The short answer is the consumer. The modern consumer zeitgeist is that companies ought to be involved in the important causes of the day. Since the balance of power has shifted from companies to consumers over the last decade or so, companies have little choice except to meet their customer’s expectations and engage in cause marketing. And it’s a virtuous cycle. Studies show that even with all the cause marketing we see today, the public expects more.
What are the benefits of cause marketing for the sponsors and the charity?
There are basically five benefits for sponsors: 1). Cause marketing can directly enhance sponsor sales and brand. 2). Cause marketing can heighten customer loyalty. 3). Cause marketing can boost a company's public image and helps distinguish it from the competition. I would add that it can also give corporate PR officers a new story to tell. 4). Cause marketing can help build employee morale and loyalty. 5). Cause marketing can improve employee productivity, skills and teamwork.

For causes the practice offers several benefits as well: 1). Unrestricted dollars. 2). Branding paid for by someone else. 3). Positive association with better known brands.
What are some characteristics of good cause marketing campaigns – and bad ones?

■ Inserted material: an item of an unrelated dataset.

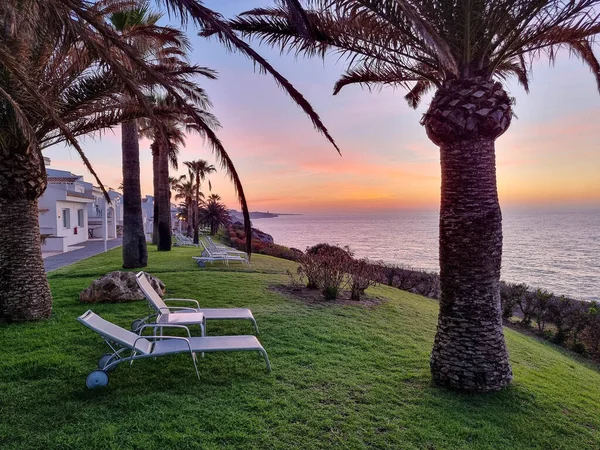 Ogród Plaży Palmami Leżakiem Pięknym Widokiem Morze Śródziemne Podczas Wschodu — Zdjęcie stockowe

Good cause marketing has several earmarks. The promotion can be easily understood. The relationship between the sponsor and the cause makes some kind of logical sense. The promotion is transparent and open. And they communicate throughout. Not just when they start. The best have a little something extra in the promotion that compels people to participate. I borrowed film director Alfred Hitchcock’s word and call it a McGuffin, or an element that makes people want to act.
I do an annual best and worst cause marketing list on my blog which is very popular. Campaigns end up on the ‘worst’ list because they lack transparency, they use bad judgment, are dishonest, overly-complicated, obtuse, or there’s just something weasely about them.